Eventually, Marion goes to work as matron at the alternative school of Major Theodore Faithfull, a man his granddaughter Marianne will later describe as “the most horrible dirty old man you could imagine”. And Farrell sketches in the intriguing alternative education scene, whose players included such celebrities as A S Neill and Bertrand Russell. A few weeks after Marion, new teacher Morris Horovitch arrives. He is 25, attractive and humorous.

A year later, Marion takes a similar live-in position at another alternative school, Red Hill, and soon becomes a much-loved figure there. And again, Morris Horovitch is taken on as a teacher at the same school.

Evidence of their affair – beside, that is, their “illegitimate” offspring – remains in poems written by Marion, and quoted here – amateurish but touching. When she finds she is pregnant, the principal offers to keep her on, giving her a bigger room for herself and the baby. Horovitch goes away, and Marion and her mother cook up the story of Farrell’s father, which will in time be fed to him. Red Hill will be young Peter’s home for many years.

This is a deeply humane account. At the same time as it’s a loving, respectful portrait of his mother (to whom it is dedicated), it refuses to condemn his father. What drives Farrell is the longing to connect. He astutely avoids sentimentality and judgement. 
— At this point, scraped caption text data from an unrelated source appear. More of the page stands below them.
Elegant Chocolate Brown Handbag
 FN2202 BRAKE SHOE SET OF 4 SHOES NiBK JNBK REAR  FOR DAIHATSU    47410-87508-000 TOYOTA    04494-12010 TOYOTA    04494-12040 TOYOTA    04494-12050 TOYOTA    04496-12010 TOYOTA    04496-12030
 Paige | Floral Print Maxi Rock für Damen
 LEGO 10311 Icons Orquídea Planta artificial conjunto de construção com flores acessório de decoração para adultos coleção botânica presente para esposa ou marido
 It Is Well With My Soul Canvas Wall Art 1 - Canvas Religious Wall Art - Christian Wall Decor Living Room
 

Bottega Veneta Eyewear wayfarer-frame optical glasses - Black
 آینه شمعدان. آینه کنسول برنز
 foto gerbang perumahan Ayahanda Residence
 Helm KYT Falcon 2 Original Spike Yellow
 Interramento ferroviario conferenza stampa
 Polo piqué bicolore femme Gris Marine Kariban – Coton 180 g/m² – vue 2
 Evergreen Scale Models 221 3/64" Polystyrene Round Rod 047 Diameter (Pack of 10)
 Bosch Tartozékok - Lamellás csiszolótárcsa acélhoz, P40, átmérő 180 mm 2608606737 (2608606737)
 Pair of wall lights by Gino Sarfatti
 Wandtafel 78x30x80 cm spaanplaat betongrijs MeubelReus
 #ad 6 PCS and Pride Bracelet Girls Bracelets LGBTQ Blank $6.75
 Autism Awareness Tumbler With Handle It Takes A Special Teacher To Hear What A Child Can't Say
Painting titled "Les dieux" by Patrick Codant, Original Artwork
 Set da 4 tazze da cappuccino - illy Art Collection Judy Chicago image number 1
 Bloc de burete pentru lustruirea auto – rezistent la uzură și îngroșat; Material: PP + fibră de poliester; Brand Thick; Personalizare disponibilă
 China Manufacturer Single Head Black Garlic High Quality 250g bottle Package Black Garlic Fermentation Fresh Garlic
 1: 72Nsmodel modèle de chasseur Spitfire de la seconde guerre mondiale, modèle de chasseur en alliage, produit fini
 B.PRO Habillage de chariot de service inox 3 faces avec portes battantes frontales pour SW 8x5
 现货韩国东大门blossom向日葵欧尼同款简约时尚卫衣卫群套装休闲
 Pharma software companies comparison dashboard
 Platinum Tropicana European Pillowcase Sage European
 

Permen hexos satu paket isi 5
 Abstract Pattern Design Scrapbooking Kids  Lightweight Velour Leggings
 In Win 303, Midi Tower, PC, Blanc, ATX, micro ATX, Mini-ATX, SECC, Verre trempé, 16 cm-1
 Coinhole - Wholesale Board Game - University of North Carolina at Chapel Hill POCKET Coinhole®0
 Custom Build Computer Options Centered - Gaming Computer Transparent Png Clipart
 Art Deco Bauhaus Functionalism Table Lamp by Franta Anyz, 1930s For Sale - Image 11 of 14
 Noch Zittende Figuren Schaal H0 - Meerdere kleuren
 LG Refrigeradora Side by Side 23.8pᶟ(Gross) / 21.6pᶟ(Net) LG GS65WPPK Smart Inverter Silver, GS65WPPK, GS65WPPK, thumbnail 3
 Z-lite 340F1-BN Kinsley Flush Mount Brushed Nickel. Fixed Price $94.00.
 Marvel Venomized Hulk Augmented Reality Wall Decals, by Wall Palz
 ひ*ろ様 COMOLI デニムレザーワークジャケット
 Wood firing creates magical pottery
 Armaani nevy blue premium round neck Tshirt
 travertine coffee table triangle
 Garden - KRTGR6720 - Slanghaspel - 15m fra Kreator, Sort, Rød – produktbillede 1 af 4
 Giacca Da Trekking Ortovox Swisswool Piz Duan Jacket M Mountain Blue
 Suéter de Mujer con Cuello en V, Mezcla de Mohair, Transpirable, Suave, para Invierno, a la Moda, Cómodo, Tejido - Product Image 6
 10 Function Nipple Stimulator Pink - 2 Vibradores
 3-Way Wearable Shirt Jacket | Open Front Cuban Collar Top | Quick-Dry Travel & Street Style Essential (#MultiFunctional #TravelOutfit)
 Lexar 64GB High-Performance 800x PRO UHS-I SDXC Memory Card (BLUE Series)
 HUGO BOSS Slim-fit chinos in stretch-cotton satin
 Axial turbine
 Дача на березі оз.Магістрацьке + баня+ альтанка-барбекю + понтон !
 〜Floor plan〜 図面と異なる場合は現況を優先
  Jane Westaway NZ Books December 2013

His first job is in a prison farm in the North Island. He speaks frankly of the culture shock of moving to a new country where he doesn't know a soul and how he and his wife try their best to keep clear of the moaning Pom tag by complaining only to each other. He also tells of his search for his father which, I feel, ends in a bittersweet way. Great Read. Linda Hall APN Newspapers Nov 2013 Book of the Week

What he has accomplished is not easy, says life writing lecturer and memorist, Ingrid Horrocks. "Writing a good piece of life writing is only partly about the story, although a good story does help. It is about giving shape to the real chaos which makes up the experience of most of our lives". Farrell's memoir is a captivating story, a lesson in hope and a personal history written with empathy, skill and honesty. Maree Hoare Massey University defining NZ December 2013

When I heard Peter was publishing a memoir I said that I would be happy to write a review; well it would be easy, I write myself and have no difficulty in sitting down and running off a few hundred words so it was going to be a breeze.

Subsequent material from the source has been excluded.